Nested inside the dodecahedron $D$ we have a cube $C$. There are
twelve faces of $D$ and twelve edges of $C$, with one edge of $C$
cutting across each face of $D$. We can think of $D$ as being
formed by adding a tent to each face of $C$. The tents must have
exactly the right dimensions to make everything fit together
neatly. It works out that the eight vertices of $C$ are at the
points $(\pm 1,\pm 1,\pm 1)$ and the remaining twelve vertices of
$D$ are at points $(0,\pm\tau,\pm1/\tau)$ or
$(\pm\tau,\pm 1/\tau,0)$ or $(\pm 1/\tau,0,\pm\tau)$, where
$\tau=(\sqrt{5}+1)/2$.
Nested inside the cube $C$ we have a tetrahedron $T$. There are
six faces of $C$ and six edges of $T$, with one edge of $T$
cutting across each face of $C$. The vertices of $C$ have the
form $(\pm 1,\pm 1,\pm 1)$. The ones with an even number of
$(-1)$'s are the vertices of $T$.
Nested inside the tetrahedron $T$ we have an octahedron $O$.

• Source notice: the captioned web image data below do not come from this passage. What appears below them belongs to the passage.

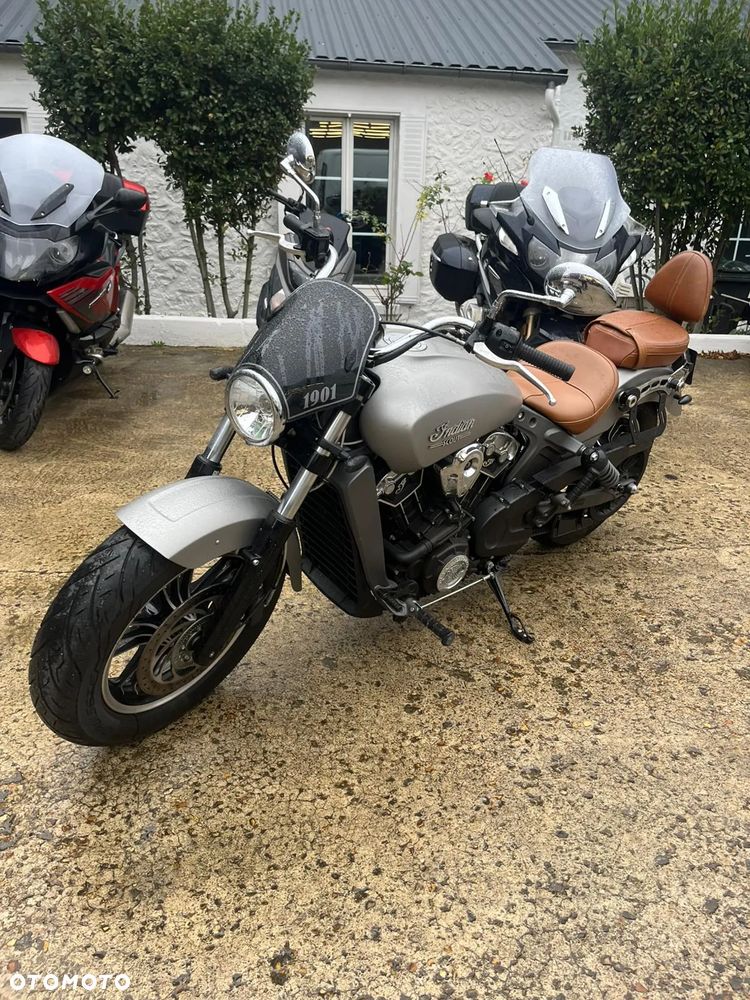 Indian Scout - 12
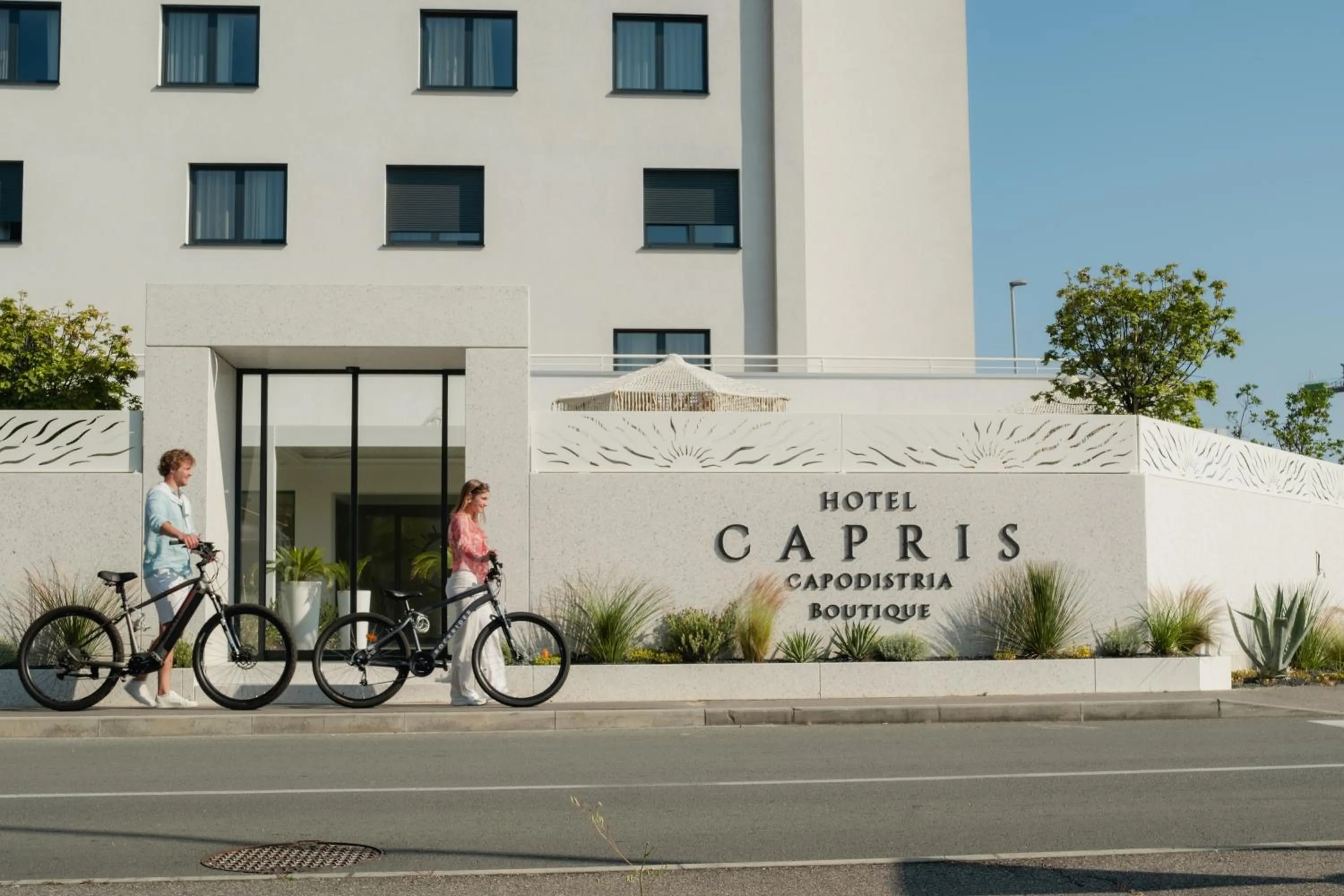 Hotel Capris Capodistria Boutique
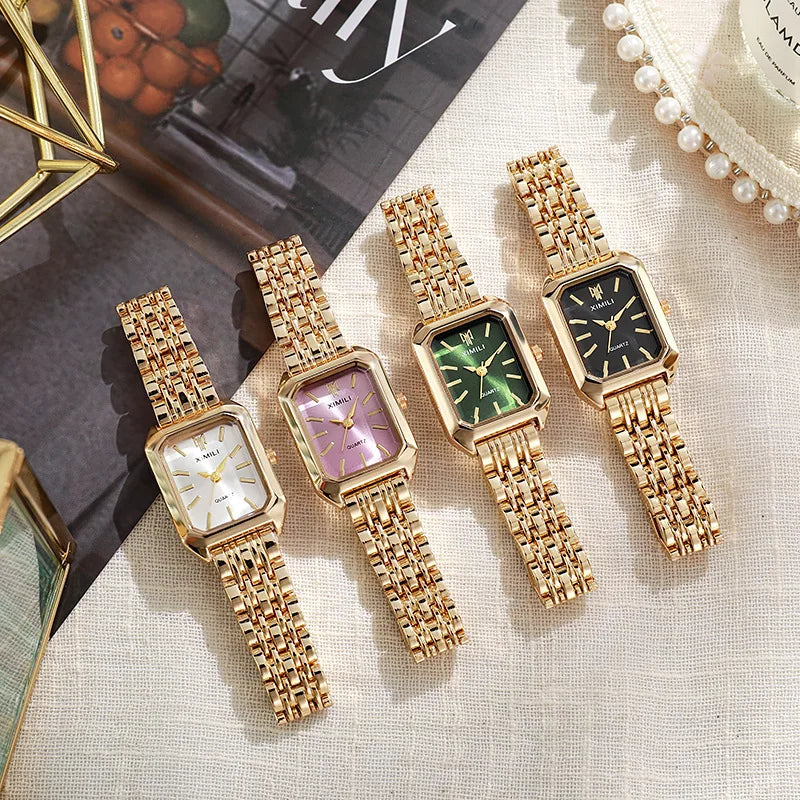 Montre Femme Quartz – Linguère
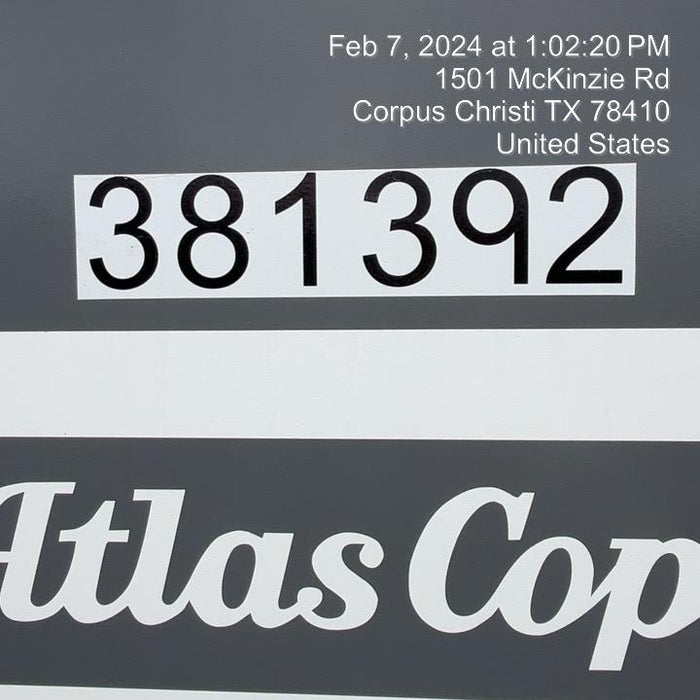 2024 ATLAS COPCO XAS 900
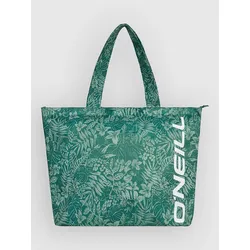 O'Neill Coastal Print Tote Umhängetasche green island sky Gr. Uni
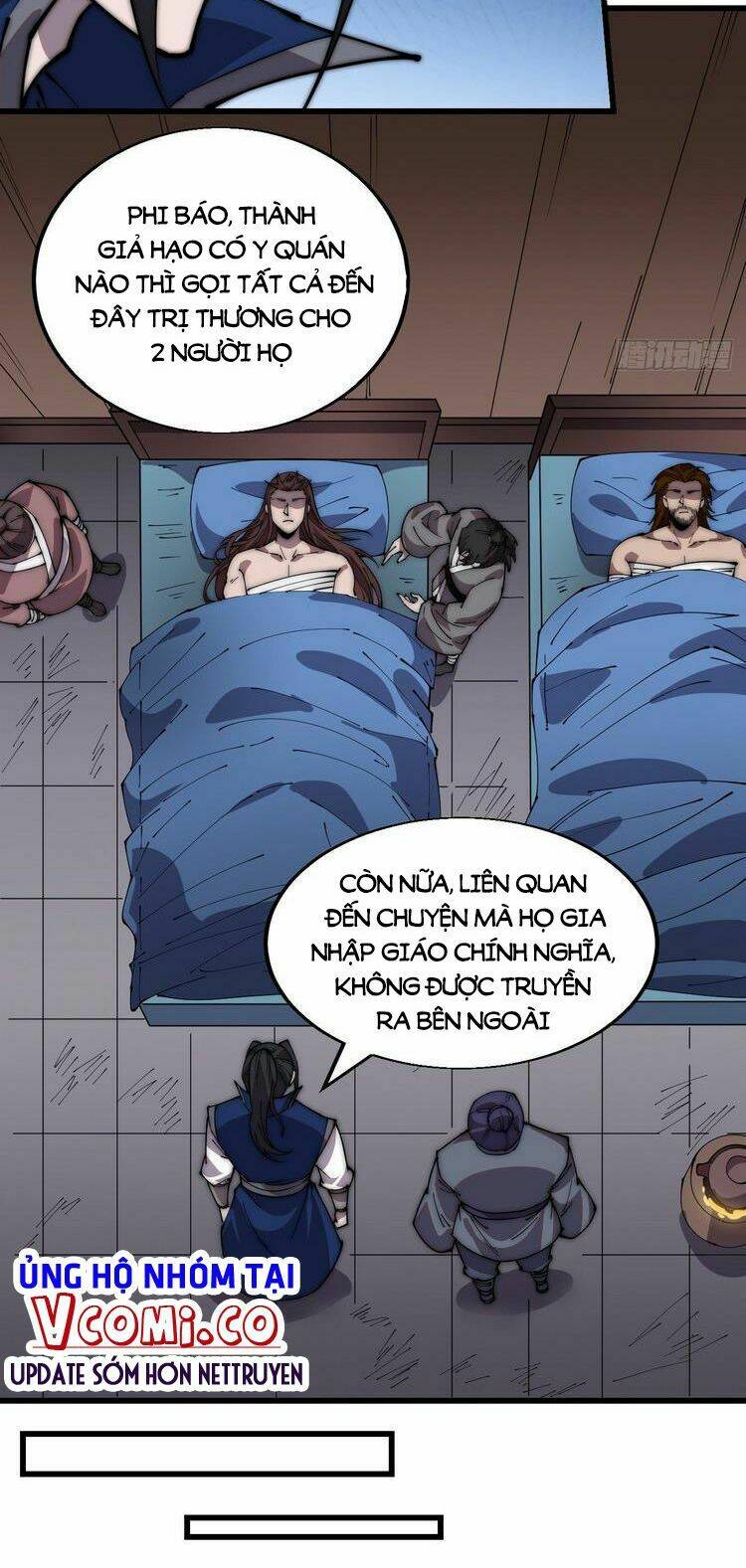 Ta Có Một Sơn Trại Chapter 352 - Trang 4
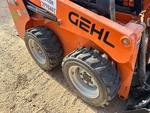 Undercarriage with 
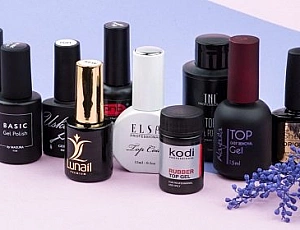 Die 15 besten Gel-Nagellack-Tops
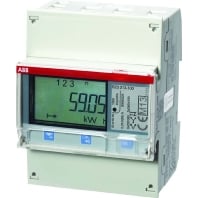 Image of B23 112-100 - Direct kilowatt-hour meter B23 112-100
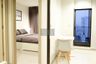 1 Bedroom Condo for rent in Life Asoke Rama 9, Makkasan, Bangkok near MRT Phra Ram 9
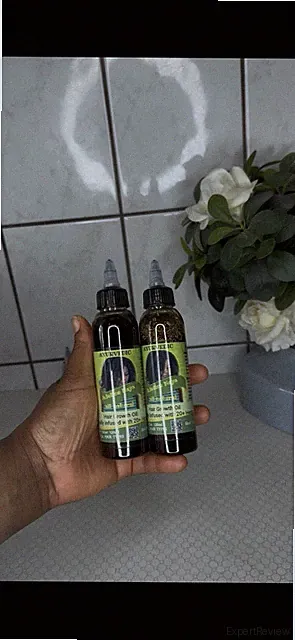 Ayurvedic Hair Growth Oil / Ayurvedische Haarwuchsöl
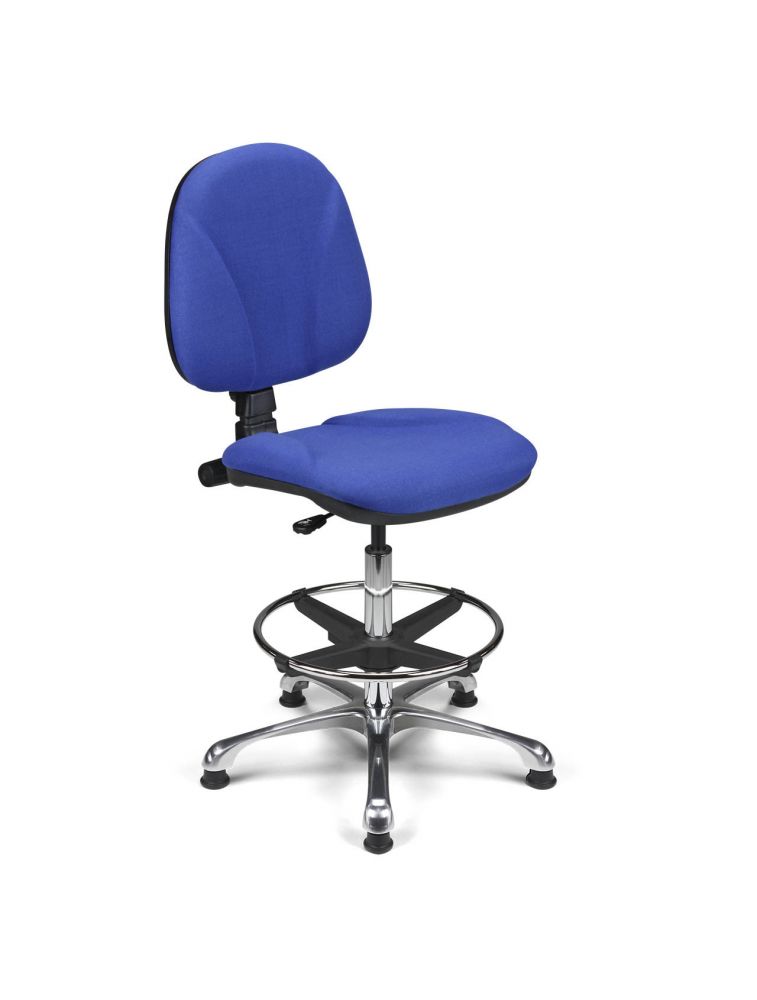 Siège technique assise et dossier- Star-H- ACT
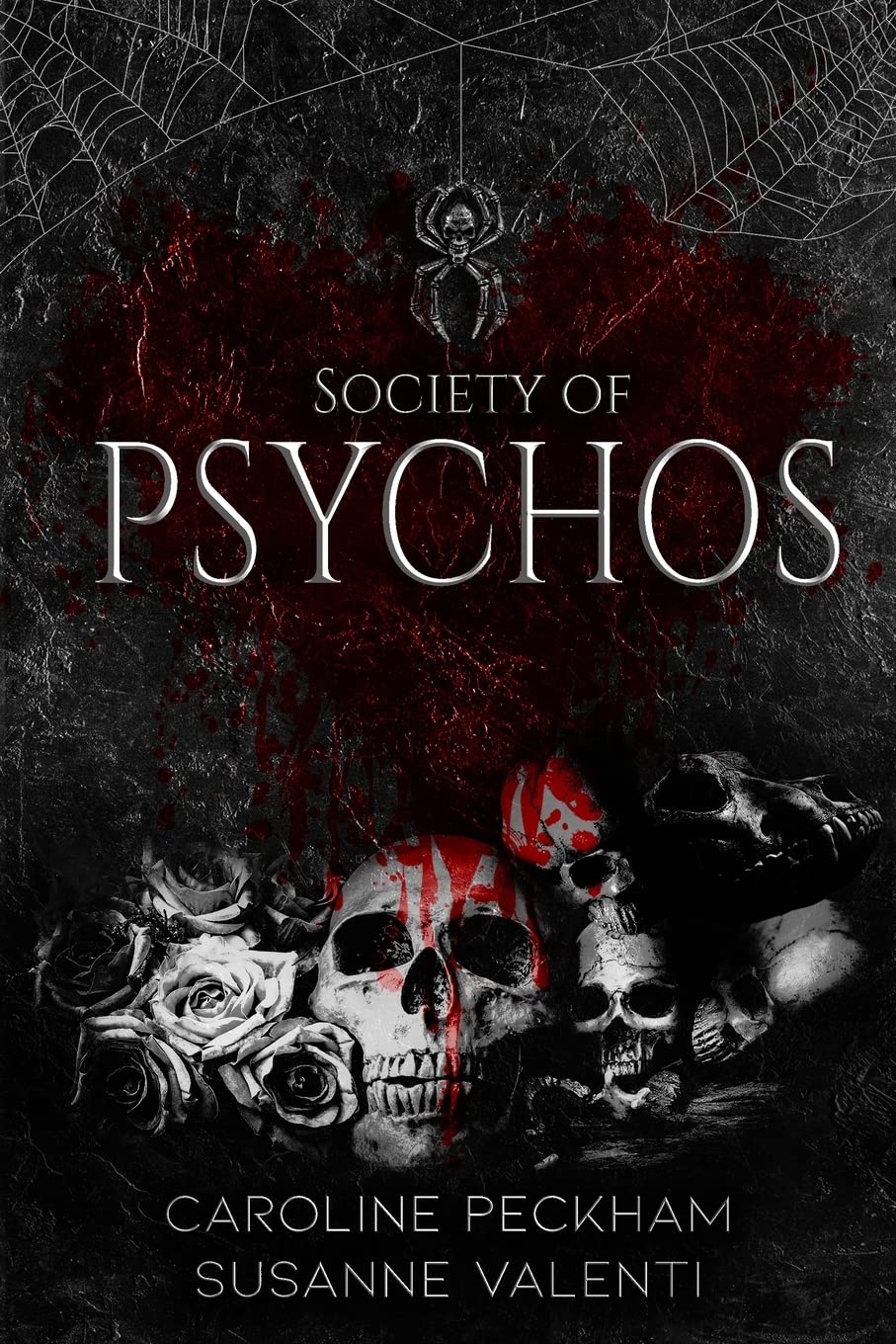 Society of Psychos Contemporary literature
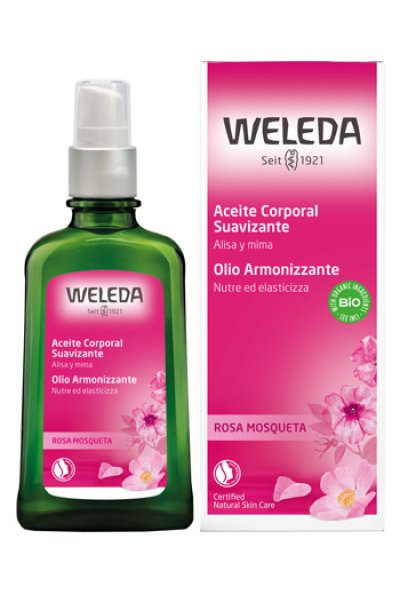 OLIO ARMONIZZ ROSA MOSQUET WE OLIO ARMONIZZ ROSA MOSQUET WE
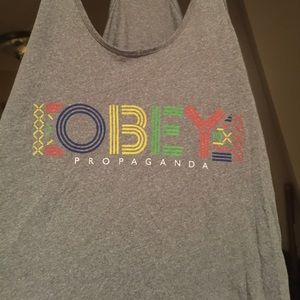 Obey Tank Top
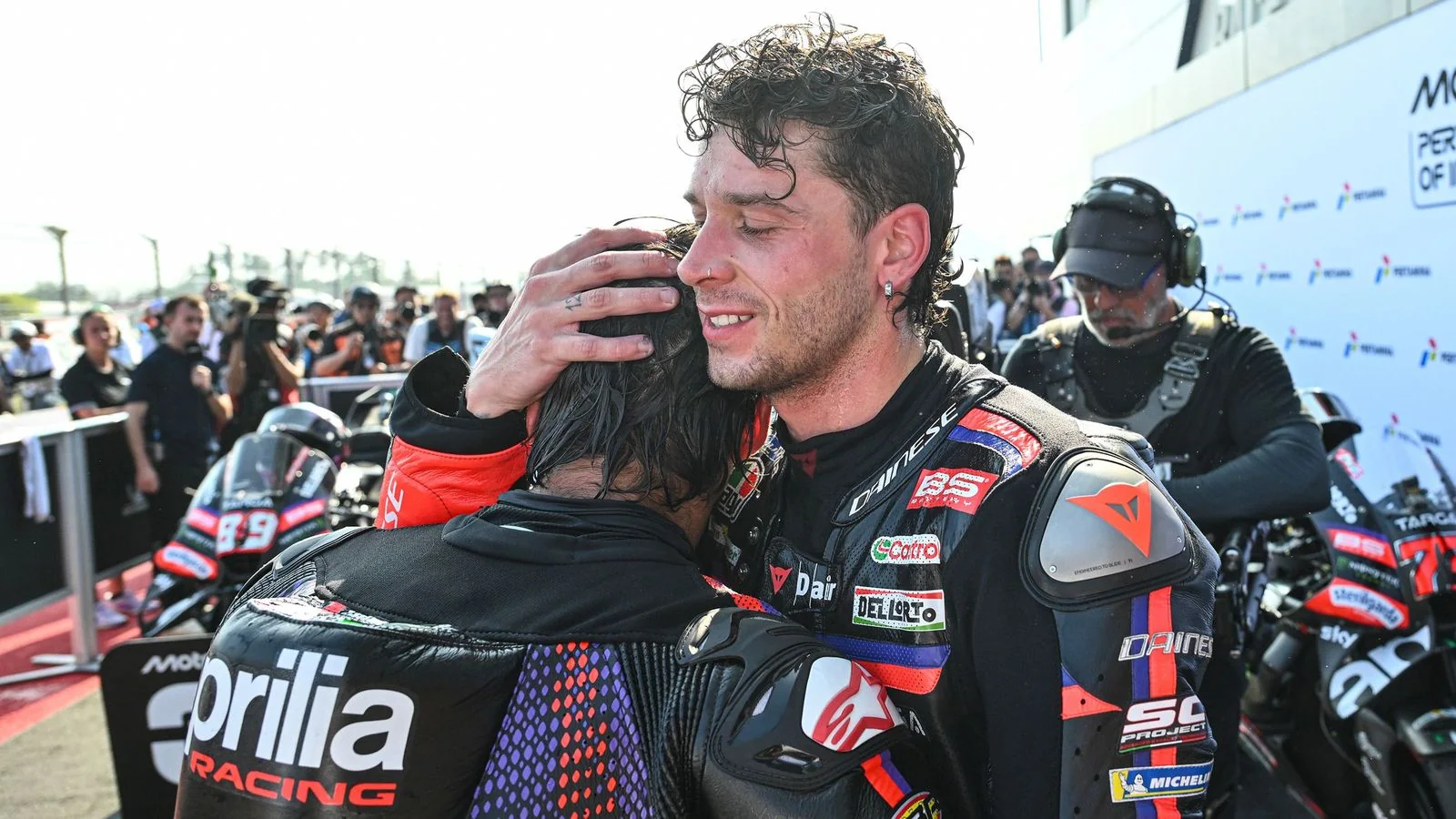 Australia abre el tramo decisivo de MotoGP: Martín y Márquez, separados por dos puntos
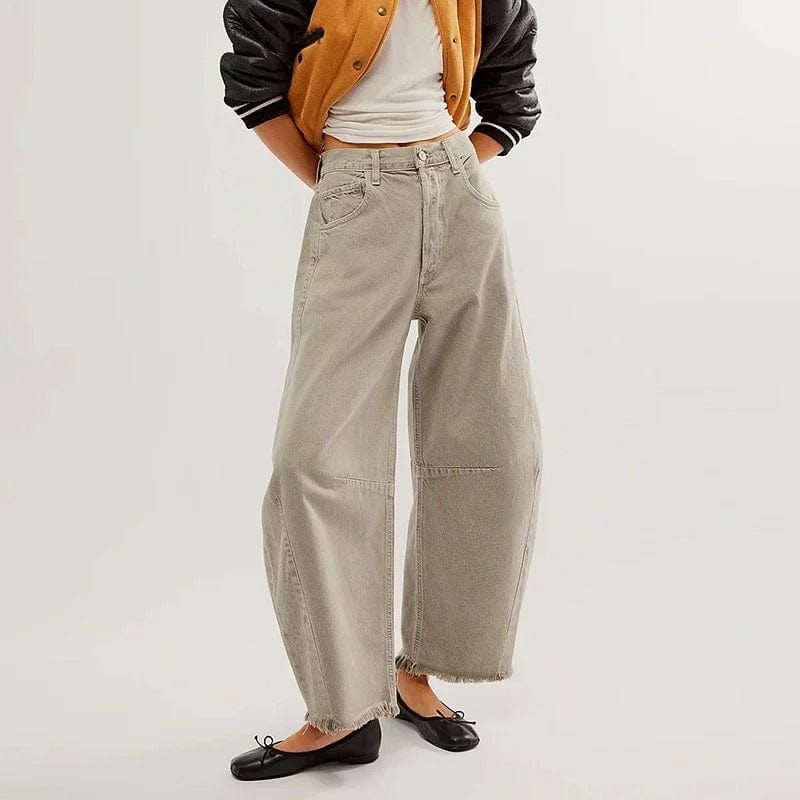 Aurablend High Rise Denim Jeans für eine figurbetonte Silhouette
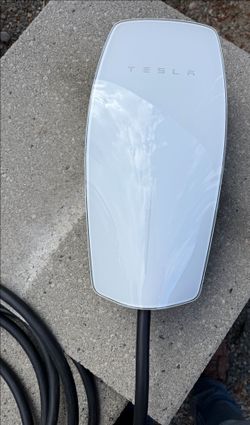 Tesla home charger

There are six edges of $T$, and the midpoints of these edges form
the six vertices of $O$. The coordinates of these vertices are
$(\pm 1,0,0)$ and $(0,\pm 1,0)$ and $(0,0,\pm 1)$.
Nested inside the octahedron $O$ we have an icosahedron $I$.
There are twelve edges of $O$, and each of these edges contains one
of the twelve vertices of $I$. The coordinates of these vertices
are $(0,\pm 1/\tau^2,\pm 1/\tau)$ or $(\pm 1/\tau^2,\pm
1/\tau,0)$ or $(\pm 1/\tau,0,\pm 1/\tau^2)$, where
$\tau=(\sqrt{5}+1)/2$.